- Theatrical release poster
- Directed by: Santiago Limón
- Screenplay by: Santiago Limón; María Hinojos;
- Adaptation by: Eduardo Cisneros Jason Shuman
- Based on: La usurpadora by Inés Rodena
- Produced by: Matt Walden; Paul Presburger;
- Starring: Isabella Castillo; Alan Estrada; Cecilia Toussaint; Susana Zabaleta; Jesús Ochoa; Alejandra Guzmán; Gabriela Spanic;
- Cinematography: Danny Hiele
- Edited by: Martha Poly Vil
- Music by: Amado López
- Production companies: Walden Entertainment; The Lift Entertainment;
- Distributed by: Pantelion Films (United States); Videocine (Mexico);
- Release dates: March 22, 2023 (Tucson, Arizona); April 7, 2023 (United States); April 12, 2023 (Mexico);
- Running time: 115 minutes
- Countries: Mexico; United States;
- Languages: Spanish; English;
- Box office: $883,218

= La Usurpadora: The Musical =

2023 film by Santiago Limón

La Usurpadora: The Musical is a 2023 musical crime comedy film directed by Santiago Limón from a screenplay he co-wrote with María Hinojos, based on the 1998 Mexican telenovela La usurpadora.
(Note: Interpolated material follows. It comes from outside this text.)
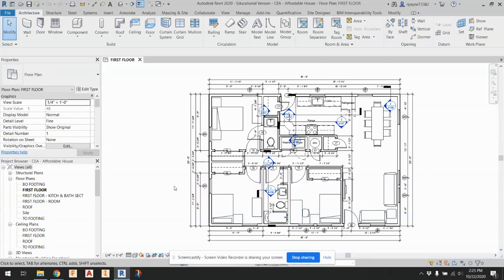This is the seventh video for the affordable house project. There's a little bit of cleanup we have to do with our plans, and then this video is all about putting in a ceiling, which is required, and then electrical, depending on time.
The film stars Isabella Castillo, Alan Estrada, Cecilia Toussaint, Susana Zabaleta and Jesús Ochoa, with special appearances by Alejandra Guzmán and Gabriela Spanic.

== Plot ==
During a secret meeting with her lover in Las Vegas, Victoria meets a hotel employee identical to her, Valeria, and convinces her to switch lives.

== Cast ==
- Isabella Castillo as Valeria and Victoria
- Alan Estrada as Carlos Daniel
- Susana Zabaleta as Dona Ines
- Jesús Ochoa as Don Ramiro
- Cecilia Toussaint as Abuelita
- Valentina as Lydia
- Alejandra Ley as Lupita
- Alejandra Guzmán
- Gabriela Spanic
- Shane West as Chad

==Production==
Principal photography began in December 2021 in Mexico City and the Mexican states of Hidalgo, Jalisco, and Nayarit.

==Release==
The film received a preview screening in Tucson, Arizona, on March 22, 2023. It was released theatrically in the United States on April 7, 2023, by Pantelion Films, and in Mexico on April 12, 2023, by Videocine.

==Reception==
Mary Aviles of Common Sense Media awarded the film three stars out of five.